Balance is Needed for Well-Being

Before the chief financial officers and similar types in our audience get too annoyed with me, please let me underscore that I am not saying that profitability isn’t important. Lawyers work hard and want to earn a nice living. But, in many firms, the balance between people and profits has gotten out of whack. And the harm is not only to lawyer well-being—it also undercuts law firms’ diversity initiatives. Research has shown that, compared with men, women are more attracted to intrinsic aspirations and are more likely to leave when their work is not meaningful, when they do not feel valued and when high-quality relationships are not a priority. These findings are so consistent, across so many studies, that there is a movement in workplaces and academic institutions in the male-dominated STEM fields to cultivate a more communal environment and reputation. The legal profession might learn from these promising efforts.
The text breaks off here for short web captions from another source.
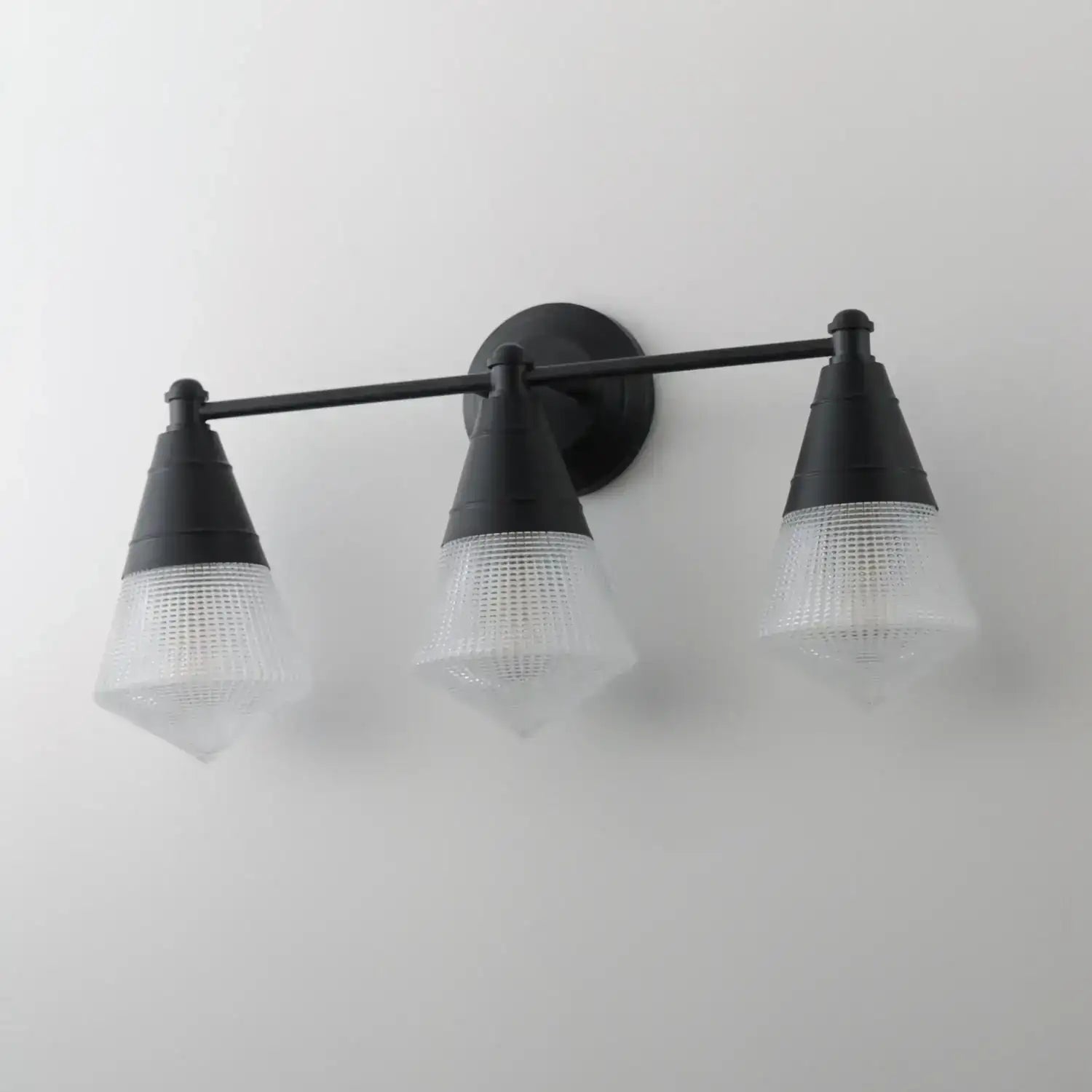 MAXIM, HARGREAVES-BATH VANITY, VANITY LIGHT
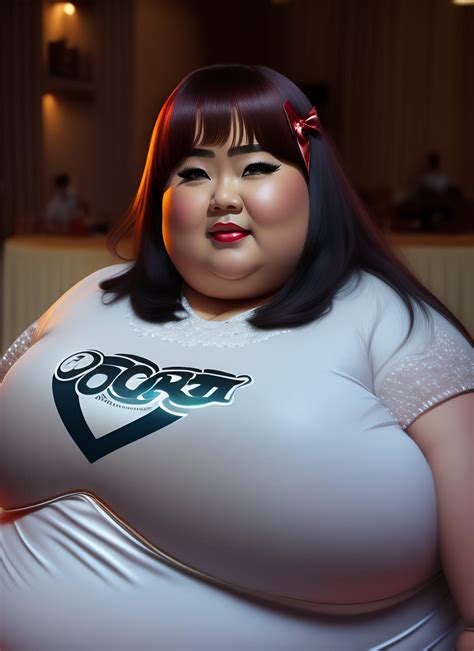 asian bbw solo|CHUBBY ASIAN SOLO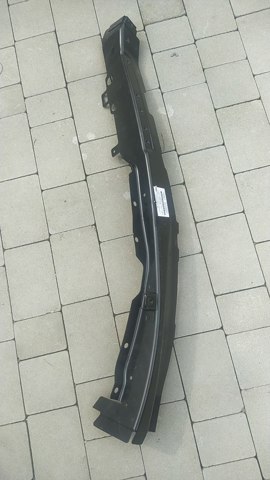  PAE805172GRV Porsche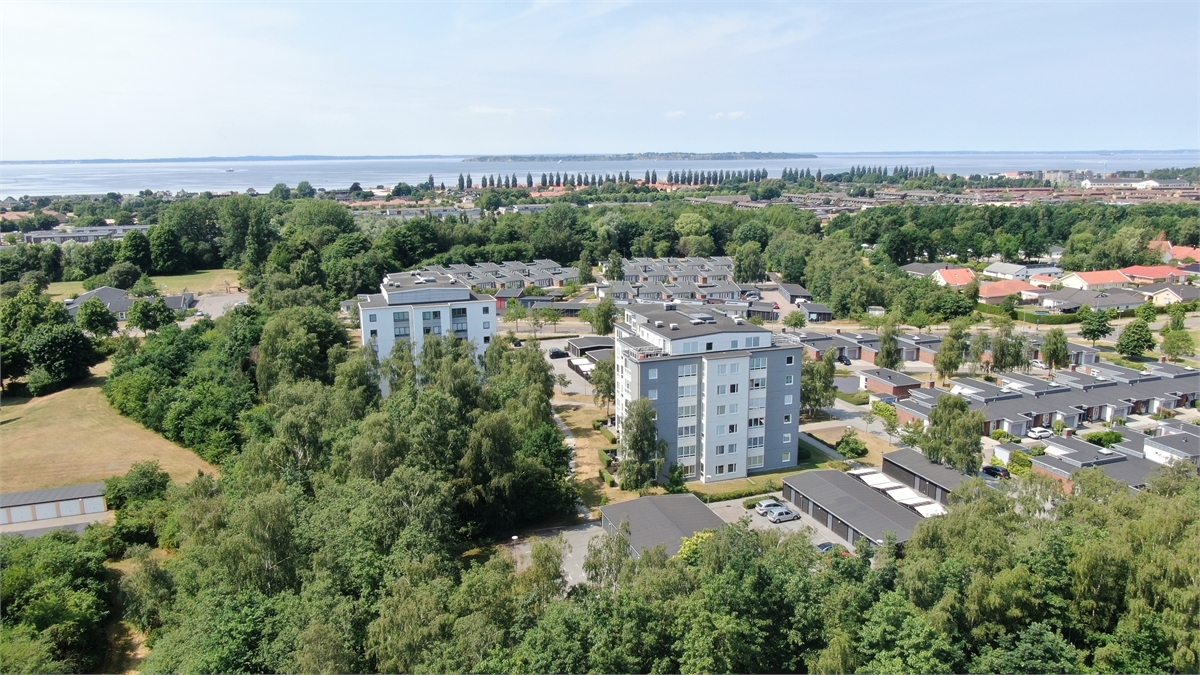 /Global/DisplayMultimediaDescription.ashx?guid=55290815-57bf-436e-bc40-b4f0d15b7379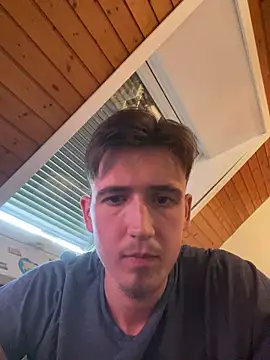 alenbaje2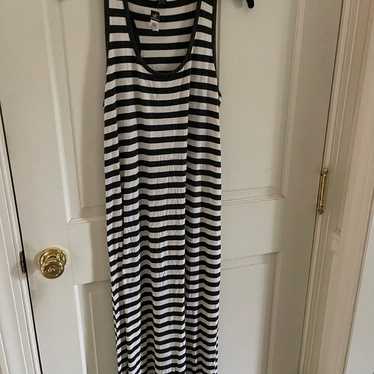 American Dream  Rue21 Maxi Dress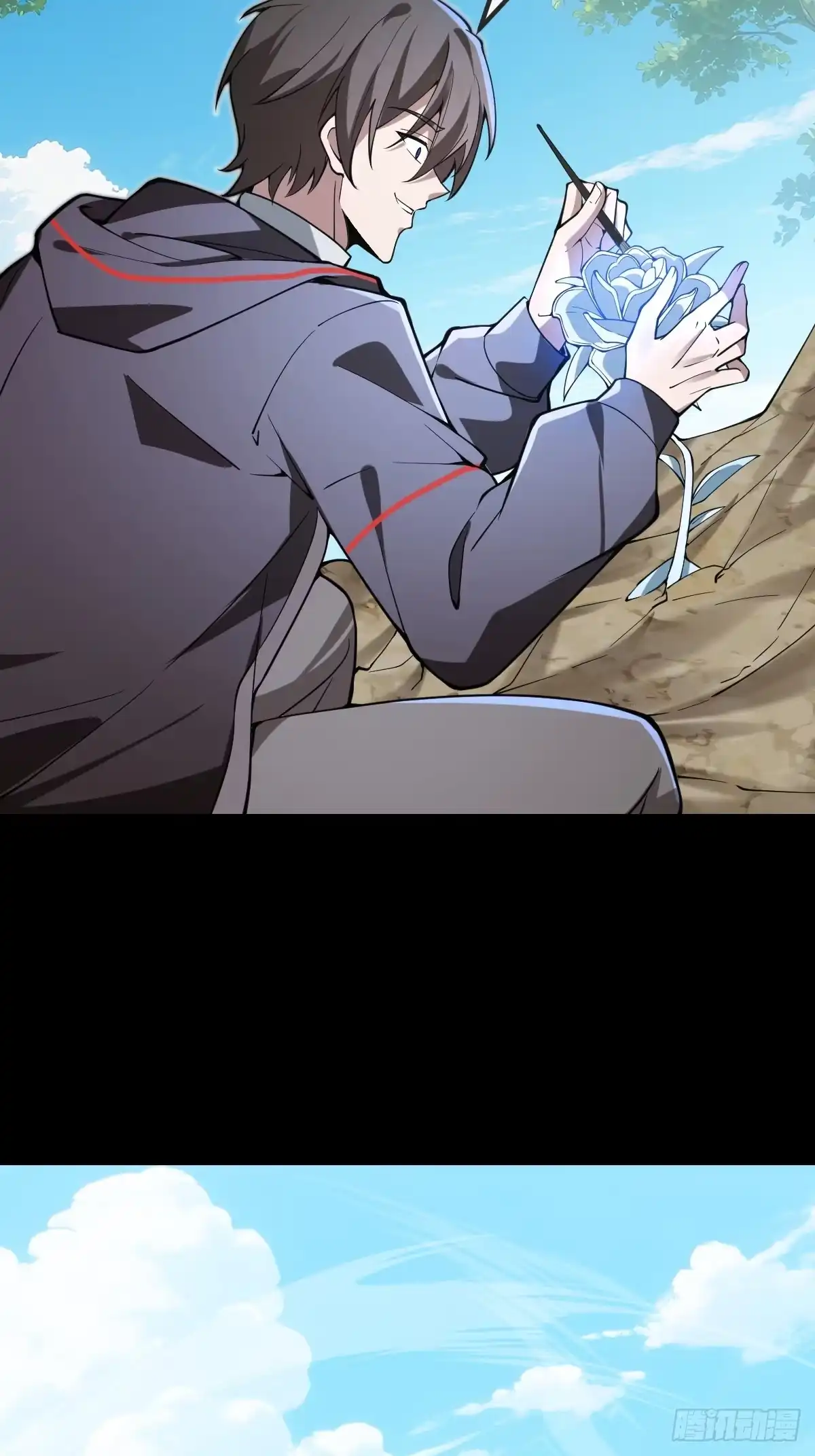 第51页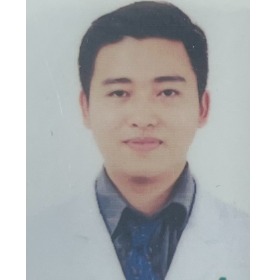 NGUYỄN NHẬT TÍN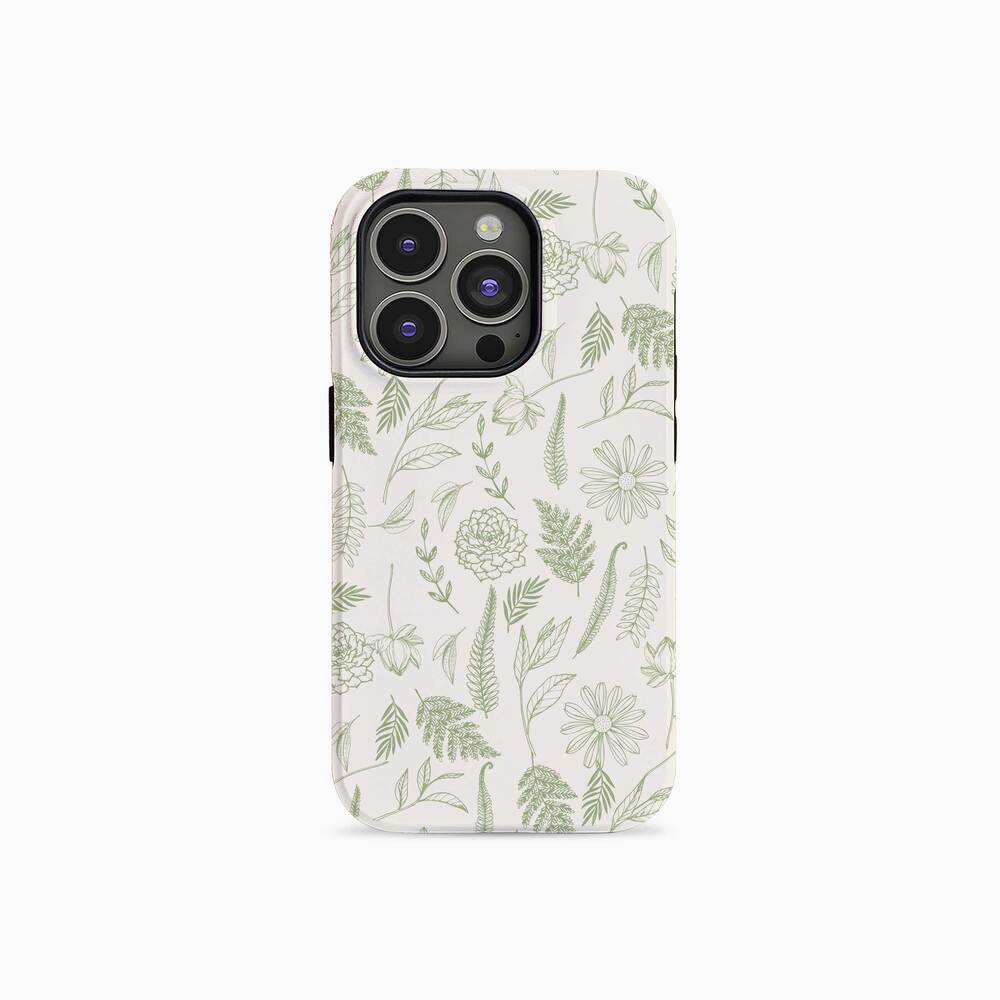 iphone 12 cases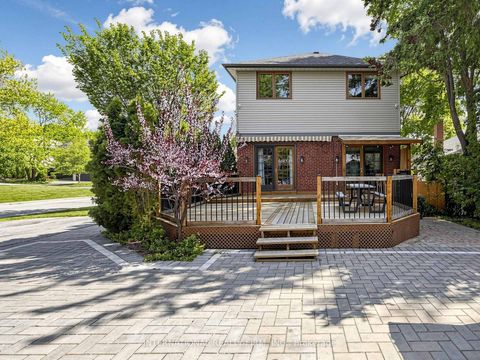 Photo 46 at 200 Burndale Avenue, Westgate, Toronto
If more law firms accept the challenge to foster a greater sense of meaningfulness in their workplaces, lawyers will have a greater chance to thrive. They will be more likely to be healthy, energized and enabled to be their best selves for their clients, colleagues, communities and families. Perhaps the current cliché that, on their deathbeds, people never wish that they had worked more eventually will give way to physicist Stephen Hawking’s view that “[w]ork gives you meaning and purpose, and life is empty without it.”